Thank you for your explanation of "time series." To me that is 
observing a short term event object. An example would Algol as 
opposed to a long term event object such as epsilon Aurigae.

It appears to me that the standard deviation of the program star is 
not done correctly. The whole purpose of the standard deviation for a 
data point is to give an accuracy figure for it based of the actual 
spread of the data. In order to do that you need to have at least 
three data points to work with. The standard deviation represents the 
spread of those data points. The points must be determined over a 
period short enough so the data does not actually change 
significantly during the measurement period. This can be a problem 
for short term event objects. For occultation work where the 
integration time is a millisecond, it is not possible to do an 
average or standard deviation because the event data can change on a 
millisecond basis. For most other short term events the best you can 
do is to take the measurements as quickly as you can, group and 
average them and use the group to determine the standard deviation. 
For example over your 4 hour period, I would have experimented with 
grouping of three data points at a time. Each of those sets of three 
data points would be averaged to produce the final data point and a 
standard deviation. I would use the middle data point time as the 
time for the data point. You will end up will fewer data point, but 
more accurate ones that have meaningful standard deviations.

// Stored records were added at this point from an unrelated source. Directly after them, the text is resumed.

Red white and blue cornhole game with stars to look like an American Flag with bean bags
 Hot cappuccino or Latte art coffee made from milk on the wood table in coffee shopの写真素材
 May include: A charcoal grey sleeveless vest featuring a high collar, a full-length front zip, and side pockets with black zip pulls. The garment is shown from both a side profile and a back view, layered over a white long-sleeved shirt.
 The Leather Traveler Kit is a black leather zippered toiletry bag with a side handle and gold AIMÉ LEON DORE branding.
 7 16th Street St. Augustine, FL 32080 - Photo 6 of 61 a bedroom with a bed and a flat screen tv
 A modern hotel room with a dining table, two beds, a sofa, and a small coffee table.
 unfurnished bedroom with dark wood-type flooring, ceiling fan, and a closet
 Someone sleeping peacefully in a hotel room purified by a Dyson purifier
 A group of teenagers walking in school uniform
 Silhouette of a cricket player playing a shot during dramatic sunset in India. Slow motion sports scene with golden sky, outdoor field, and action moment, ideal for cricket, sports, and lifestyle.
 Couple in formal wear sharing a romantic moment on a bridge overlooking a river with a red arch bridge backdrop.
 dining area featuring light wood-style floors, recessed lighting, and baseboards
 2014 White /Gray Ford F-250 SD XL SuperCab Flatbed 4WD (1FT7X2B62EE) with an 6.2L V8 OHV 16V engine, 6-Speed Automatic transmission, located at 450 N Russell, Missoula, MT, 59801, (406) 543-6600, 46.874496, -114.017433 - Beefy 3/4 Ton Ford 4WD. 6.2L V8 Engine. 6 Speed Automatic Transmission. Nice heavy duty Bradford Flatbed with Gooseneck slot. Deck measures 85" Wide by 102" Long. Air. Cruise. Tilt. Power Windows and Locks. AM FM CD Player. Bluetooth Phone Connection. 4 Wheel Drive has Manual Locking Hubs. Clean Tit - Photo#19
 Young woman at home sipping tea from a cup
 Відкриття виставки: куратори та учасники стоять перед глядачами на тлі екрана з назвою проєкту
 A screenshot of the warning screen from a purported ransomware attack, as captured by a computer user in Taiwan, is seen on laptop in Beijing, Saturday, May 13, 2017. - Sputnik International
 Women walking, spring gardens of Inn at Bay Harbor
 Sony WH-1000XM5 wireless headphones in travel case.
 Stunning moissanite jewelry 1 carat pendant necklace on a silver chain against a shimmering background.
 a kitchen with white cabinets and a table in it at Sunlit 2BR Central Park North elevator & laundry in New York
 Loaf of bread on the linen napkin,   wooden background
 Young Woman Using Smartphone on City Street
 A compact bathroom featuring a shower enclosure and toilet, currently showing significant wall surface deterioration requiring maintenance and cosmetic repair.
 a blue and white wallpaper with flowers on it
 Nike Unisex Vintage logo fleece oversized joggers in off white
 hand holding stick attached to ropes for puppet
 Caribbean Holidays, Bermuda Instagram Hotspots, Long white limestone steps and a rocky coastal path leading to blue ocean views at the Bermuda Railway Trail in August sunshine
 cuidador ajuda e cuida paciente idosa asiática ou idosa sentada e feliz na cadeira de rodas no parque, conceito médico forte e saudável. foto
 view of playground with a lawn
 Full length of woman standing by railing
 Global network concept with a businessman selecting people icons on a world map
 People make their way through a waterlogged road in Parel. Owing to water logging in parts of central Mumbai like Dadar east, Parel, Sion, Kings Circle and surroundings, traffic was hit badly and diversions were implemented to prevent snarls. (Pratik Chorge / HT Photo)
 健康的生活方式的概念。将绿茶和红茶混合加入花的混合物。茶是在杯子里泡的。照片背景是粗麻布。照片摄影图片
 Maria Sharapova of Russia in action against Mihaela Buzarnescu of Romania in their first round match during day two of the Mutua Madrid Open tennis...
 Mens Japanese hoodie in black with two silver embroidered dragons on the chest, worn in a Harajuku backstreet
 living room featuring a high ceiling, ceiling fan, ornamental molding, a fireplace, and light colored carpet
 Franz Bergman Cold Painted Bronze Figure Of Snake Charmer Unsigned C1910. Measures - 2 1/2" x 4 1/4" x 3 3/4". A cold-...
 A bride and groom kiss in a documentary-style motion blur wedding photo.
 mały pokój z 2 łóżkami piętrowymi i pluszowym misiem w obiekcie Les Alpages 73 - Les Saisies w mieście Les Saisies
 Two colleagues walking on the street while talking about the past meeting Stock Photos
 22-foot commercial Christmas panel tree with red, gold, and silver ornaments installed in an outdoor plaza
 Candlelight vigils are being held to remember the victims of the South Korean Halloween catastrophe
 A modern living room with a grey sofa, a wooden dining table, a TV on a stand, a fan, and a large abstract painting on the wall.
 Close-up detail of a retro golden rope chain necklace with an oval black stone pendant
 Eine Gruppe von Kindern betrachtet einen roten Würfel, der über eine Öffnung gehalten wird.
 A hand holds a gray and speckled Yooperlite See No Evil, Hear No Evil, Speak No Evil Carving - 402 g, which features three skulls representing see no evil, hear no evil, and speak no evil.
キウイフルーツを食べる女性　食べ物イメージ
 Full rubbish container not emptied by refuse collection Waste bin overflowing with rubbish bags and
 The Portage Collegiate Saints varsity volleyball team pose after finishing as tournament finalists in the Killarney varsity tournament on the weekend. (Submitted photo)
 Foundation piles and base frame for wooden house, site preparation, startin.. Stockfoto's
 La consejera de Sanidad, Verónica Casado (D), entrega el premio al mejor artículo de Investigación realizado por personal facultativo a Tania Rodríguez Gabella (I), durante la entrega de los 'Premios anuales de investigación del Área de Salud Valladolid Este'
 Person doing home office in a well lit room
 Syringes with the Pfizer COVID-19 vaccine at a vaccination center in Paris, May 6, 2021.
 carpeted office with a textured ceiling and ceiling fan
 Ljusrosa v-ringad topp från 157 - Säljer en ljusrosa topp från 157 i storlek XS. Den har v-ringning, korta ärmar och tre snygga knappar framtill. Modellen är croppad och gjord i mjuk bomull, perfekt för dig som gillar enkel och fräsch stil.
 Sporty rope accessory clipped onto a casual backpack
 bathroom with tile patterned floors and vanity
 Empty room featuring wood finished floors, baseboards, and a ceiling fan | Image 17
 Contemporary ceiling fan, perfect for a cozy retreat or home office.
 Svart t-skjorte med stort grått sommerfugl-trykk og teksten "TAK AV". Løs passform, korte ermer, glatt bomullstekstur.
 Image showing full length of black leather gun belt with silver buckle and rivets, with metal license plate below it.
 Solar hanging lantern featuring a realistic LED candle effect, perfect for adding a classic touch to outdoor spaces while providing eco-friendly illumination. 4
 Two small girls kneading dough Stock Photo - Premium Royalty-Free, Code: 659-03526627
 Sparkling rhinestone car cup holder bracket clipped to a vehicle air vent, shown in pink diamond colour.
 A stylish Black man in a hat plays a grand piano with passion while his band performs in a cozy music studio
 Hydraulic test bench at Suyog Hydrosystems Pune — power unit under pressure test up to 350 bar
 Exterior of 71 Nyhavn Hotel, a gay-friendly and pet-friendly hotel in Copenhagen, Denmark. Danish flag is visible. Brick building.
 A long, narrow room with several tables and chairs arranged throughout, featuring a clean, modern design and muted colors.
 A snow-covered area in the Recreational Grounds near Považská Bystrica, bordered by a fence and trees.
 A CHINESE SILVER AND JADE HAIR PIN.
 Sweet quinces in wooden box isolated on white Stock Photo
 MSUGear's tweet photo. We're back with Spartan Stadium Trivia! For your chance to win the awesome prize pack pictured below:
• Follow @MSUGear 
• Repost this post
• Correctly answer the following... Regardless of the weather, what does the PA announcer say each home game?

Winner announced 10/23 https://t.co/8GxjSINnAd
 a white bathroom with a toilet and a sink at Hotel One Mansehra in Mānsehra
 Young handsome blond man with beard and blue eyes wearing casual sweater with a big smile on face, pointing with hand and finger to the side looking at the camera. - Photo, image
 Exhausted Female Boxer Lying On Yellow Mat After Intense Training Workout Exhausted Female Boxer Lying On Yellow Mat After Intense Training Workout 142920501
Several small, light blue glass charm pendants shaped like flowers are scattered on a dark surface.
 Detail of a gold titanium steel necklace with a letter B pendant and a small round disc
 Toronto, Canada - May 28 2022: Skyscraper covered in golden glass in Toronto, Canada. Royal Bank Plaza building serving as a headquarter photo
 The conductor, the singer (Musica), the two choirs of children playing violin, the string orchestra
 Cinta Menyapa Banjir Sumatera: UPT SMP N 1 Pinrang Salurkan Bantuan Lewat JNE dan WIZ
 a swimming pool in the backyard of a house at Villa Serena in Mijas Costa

This past fall I did observations of Algol over two months. Some 
nights during the eclipse I took UBV data continuously for around 6 
hours.  I took sets of readings (3 in each color) about every 2 
minutes. The comparison star readings bracketed those and also took 
about 2 minutes, so I ended up determining a data point about every 5 
minutes. Since I could not get three sets of data to average for a 
data point, I could not do a standard deviation. I did average the 
raw counts for the 3-10 second integrations however. The reason for 
this was that Algol was changing significantly over a 10 minute 
period. I could watch the average counts change from set to set while 
the comparison readings remained relatively constant from set to set. 
A very interesting project.

Specifying a standard deviation for check and comparison stars tells 
you nothing about the spread in data for a program star data point. 
To specify a standard deviation for the program star data the 
standard deviation must be determined from a set of program star 
data. Remember, the standard deviation represents a spread of the 
data. If the event is changing faster than you can get data, then you 
probably cannot get a standard deviation. Averaging data that is 
changing rapidly is also wrong and misleading. Standard deviations of 
check and comparison stars tell you only about that data. While it 
may give you a nice warm feeling it really does not tell you anything 
about the program star data. The check and comparison stars data may 
be steady, but something could be going wrong with the program star 
data. The only valid way to produce a standard deviation for a 
program star is by using 3 or more magnitudes (close in time) 
averaging them and taking the standard deviation of them. If the 
event is changing too fast, then you can't do that. The 0.192 
standard deviation is not only bad, but misleading. Again standard 
deviation is a measure of the accuracy or how good the data is. The 
star most likely actually changed over that period so a standard 
deviation tells you little, but can be very misleading. It was not a 
large spread do to inaccuracies, but due to actual data change.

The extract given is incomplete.